Action for Economic Reforms (AER) welcomes the bicameral conference committee’s approval of the Corporate Recovery and Tax Incentives for Enterprises (CREATE) Bill last February 1, even as it raises concerns regarding questionable provisions.
Although the deliberations could have been more transparent, we welcome our lawmakers’ protection of essential reforms, which include upholding the authority of the Fiscal Incentive Review Board (FIRB) to govern and grant incentives, and retaining incentives that are time-bound, targeted, performance-based and transparent.
We commend House Ways and Means Chairperson Rep. Joey Salceda, Senate Ways and Means Chairperson Senator Pia Cayetano, and the members of the bicameral conference committee for ensuring that the crucial structural reforms, especially in terms of fiscal incentive rationalization, have been attained, and for resisting attempts to dilute the reforms. We welcome that the PhP 1 billion threshold for the FIRB’s approval of incentives has been maintained.

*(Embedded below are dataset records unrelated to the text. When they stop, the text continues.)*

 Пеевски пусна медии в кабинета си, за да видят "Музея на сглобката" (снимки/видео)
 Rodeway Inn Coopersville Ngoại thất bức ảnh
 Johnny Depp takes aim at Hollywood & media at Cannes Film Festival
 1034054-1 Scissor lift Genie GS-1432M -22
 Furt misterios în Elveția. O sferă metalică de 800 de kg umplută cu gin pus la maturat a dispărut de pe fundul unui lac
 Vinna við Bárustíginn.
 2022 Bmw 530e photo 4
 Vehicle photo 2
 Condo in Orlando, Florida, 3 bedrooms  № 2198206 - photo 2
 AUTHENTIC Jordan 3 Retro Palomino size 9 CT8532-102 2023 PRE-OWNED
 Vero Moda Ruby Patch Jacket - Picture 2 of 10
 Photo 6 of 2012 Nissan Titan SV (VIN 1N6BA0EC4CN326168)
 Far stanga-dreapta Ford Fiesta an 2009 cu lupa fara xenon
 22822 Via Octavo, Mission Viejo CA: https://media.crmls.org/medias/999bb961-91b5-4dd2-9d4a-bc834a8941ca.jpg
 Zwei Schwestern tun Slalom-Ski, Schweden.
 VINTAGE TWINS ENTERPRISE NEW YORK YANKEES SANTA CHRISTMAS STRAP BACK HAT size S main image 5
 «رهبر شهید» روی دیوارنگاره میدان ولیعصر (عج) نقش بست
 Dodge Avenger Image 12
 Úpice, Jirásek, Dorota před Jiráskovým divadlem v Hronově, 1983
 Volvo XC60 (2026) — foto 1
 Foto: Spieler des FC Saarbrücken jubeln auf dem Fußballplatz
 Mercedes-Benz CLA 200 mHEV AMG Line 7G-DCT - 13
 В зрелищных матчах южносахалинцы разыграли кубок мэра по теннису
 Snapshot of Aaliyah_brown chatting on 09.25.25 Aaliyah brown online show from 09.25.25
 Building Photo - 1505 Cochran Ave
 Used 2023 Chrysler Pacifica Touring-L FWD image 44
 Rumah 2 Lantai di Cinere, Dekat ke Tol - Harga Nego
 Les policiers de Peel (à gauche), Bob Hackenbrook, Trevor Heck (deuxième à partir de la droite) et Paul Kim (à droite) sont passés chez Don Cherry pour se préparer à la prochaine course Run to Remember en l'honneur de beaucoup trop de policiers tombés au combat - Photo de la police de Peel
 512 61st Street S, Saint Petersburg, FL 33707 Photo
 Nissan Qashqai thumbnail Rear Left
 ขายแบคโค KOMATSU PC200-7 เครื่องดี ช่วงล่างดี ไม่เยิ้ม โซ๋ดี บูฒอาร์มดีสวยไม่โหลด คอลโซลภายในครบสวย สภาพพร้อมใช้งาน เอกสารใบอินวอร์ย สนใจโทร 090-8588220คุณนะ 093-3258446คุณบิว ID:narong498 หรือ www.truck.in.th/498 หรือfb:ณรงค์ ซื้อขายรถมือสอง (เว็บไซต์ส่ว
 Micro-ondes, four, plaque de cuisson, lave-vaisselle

However, the final version of CREATE still contains provisions that run contrary to its main objectives, are unnecessary insertions, and swing the advantage to certain parties. We have 3 main concerns about the final version of the bill:
Exemption on taxes and duties for petroleum refineries. Exempting local refineries from duties and taxes is discriminatory and swings the advantage towards certain importers. Furthermore, oil refineries are not a part of the Strategic Investment Priority Plan (SIPP), which defines the activities qualified to receive incentives. We oppose the insertion of this provision which protects vested interests and was not a part of either the House or Senate Bill. If petroleum refineries’ request for tax incentives is a question of policy, it must be subjected to public scrutiny and debate.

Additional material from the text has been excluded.